PROBLEM STATEMENT - Reproduce the data below in full and to the letter, images excepted.

(Short descriptive text snippets)
══════

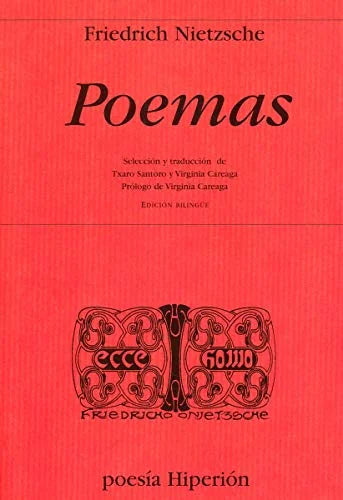 Libro POEMAS NIETZSCHE de NIETZSCHE FREDRICH en Colombia, poesia
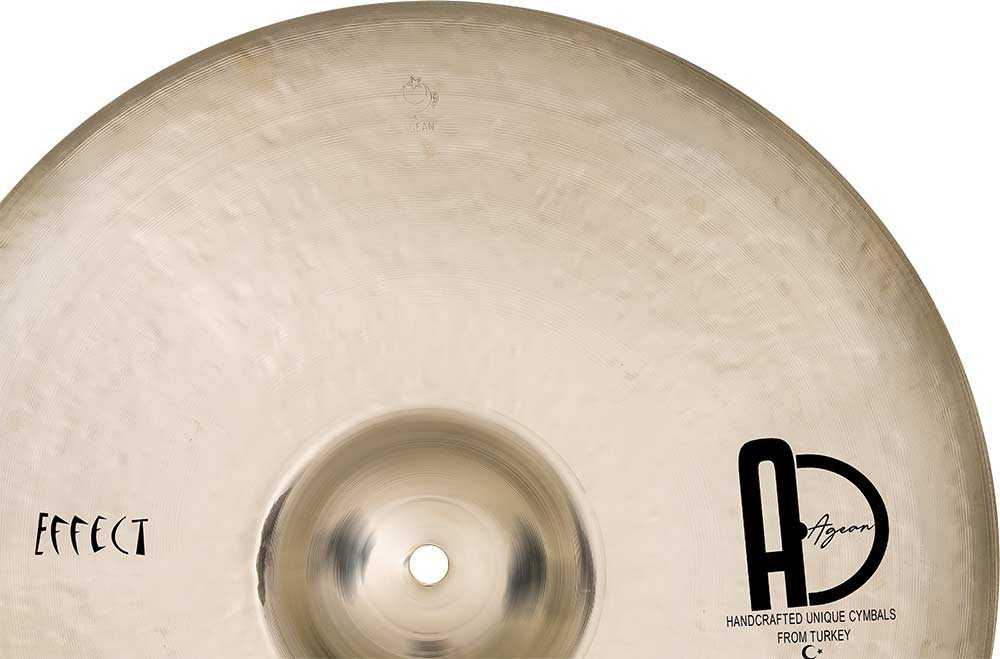 Crash Cymbals EFFECT 17"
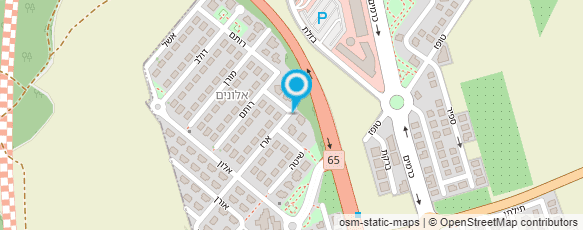 מפת הגעה אל דנה ברבי קוסמטיקאית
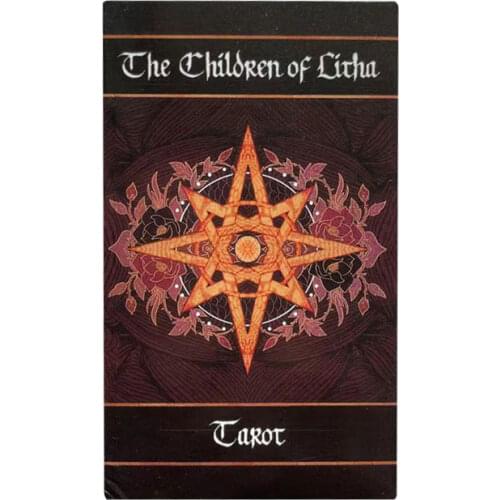 The Children Of Litha Tarot Cards Oracle Guidance Divination Fate Tarot Deck Board Games English Party Playing Card Game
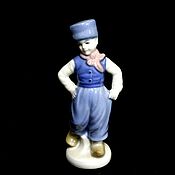 Винтаж handmade. Livemaster - original item Dutch Boy figurine. Handmade.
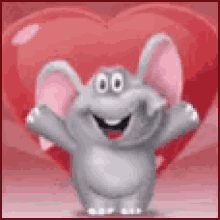 Elephant Hearts GIF - Elephant Hearts Love GIFs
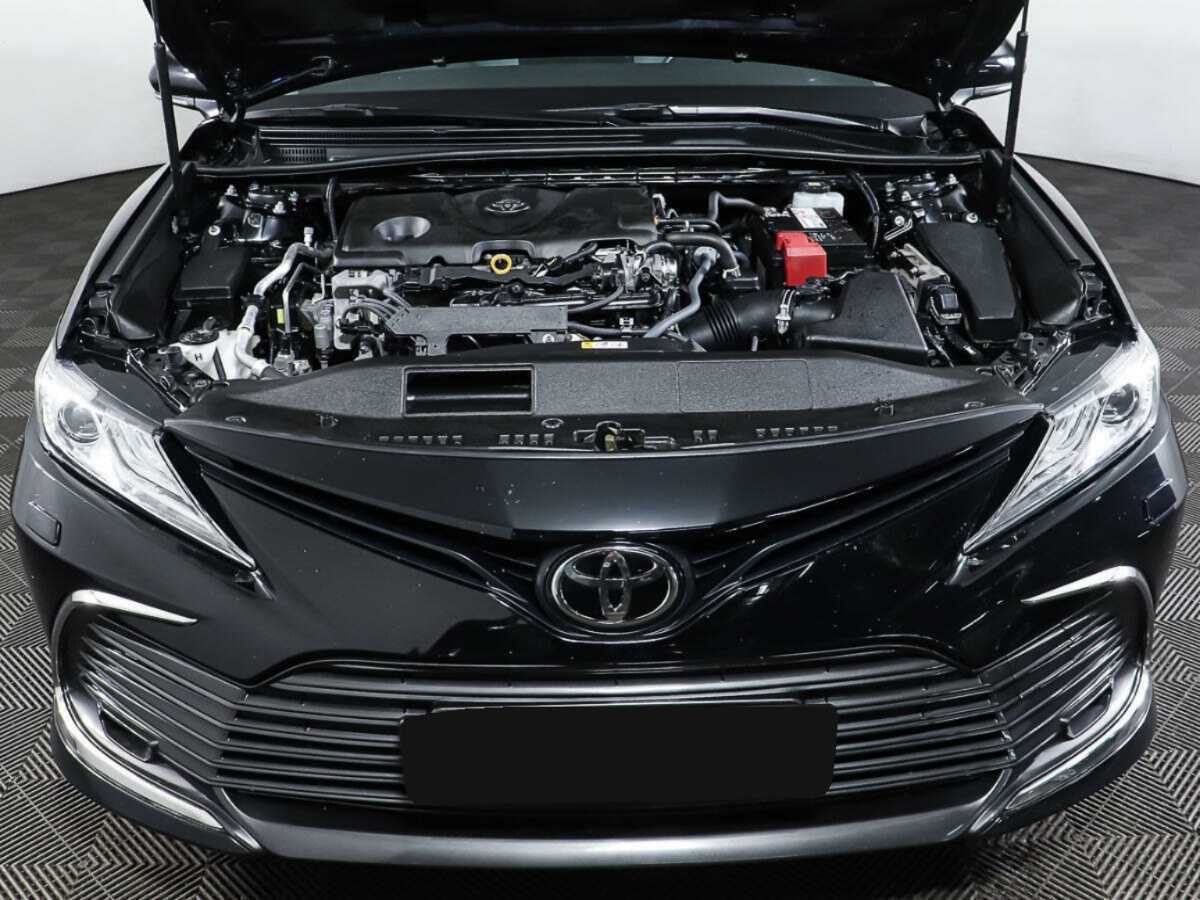 Toyota Camry с пробегом — 2021 год. Фото: #8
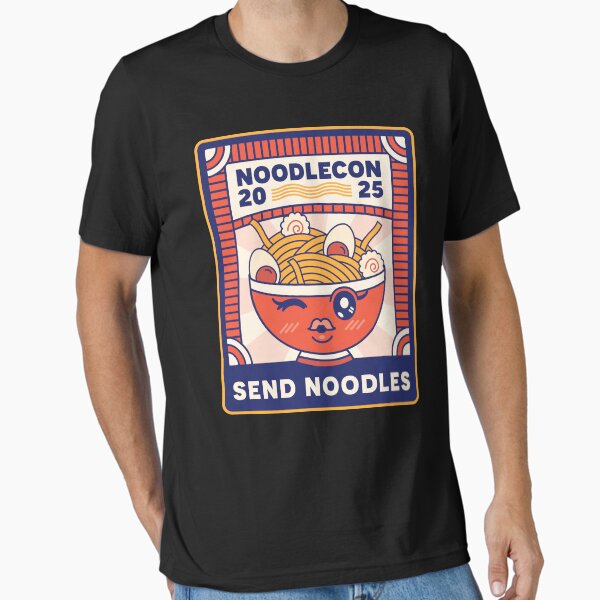 Item preview, Noodlecon T-Shirt Version 2 designed and sold by Ladyofthehearth.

══════

OUTPUT OF THE TASK -
 Libro POEMAS NIETZSCHE de NIETZSCHE FREDRICH en Colombia, poesia
 Crash Cymbals EFFECT 17"
 מפת הגעה אל דנה ברבי קוסמטיקאית
 The Children Of Litha Tarot Cards Oracle Guidance Divination Fate Tarot Deck Board Games English Party Playing Card Game
 Винтаж handmade. Livemaster - original item Dutch Boy figurine. Handmade.
 Elephant Hearts GIF - Elephant Hearts Love GIFs
 Toyota Camry с пробегом — 2021 год. Фото: #8
 Item preview, Noodlecon T-Shirt Version 2 designed and sold by Ladyofthehearth.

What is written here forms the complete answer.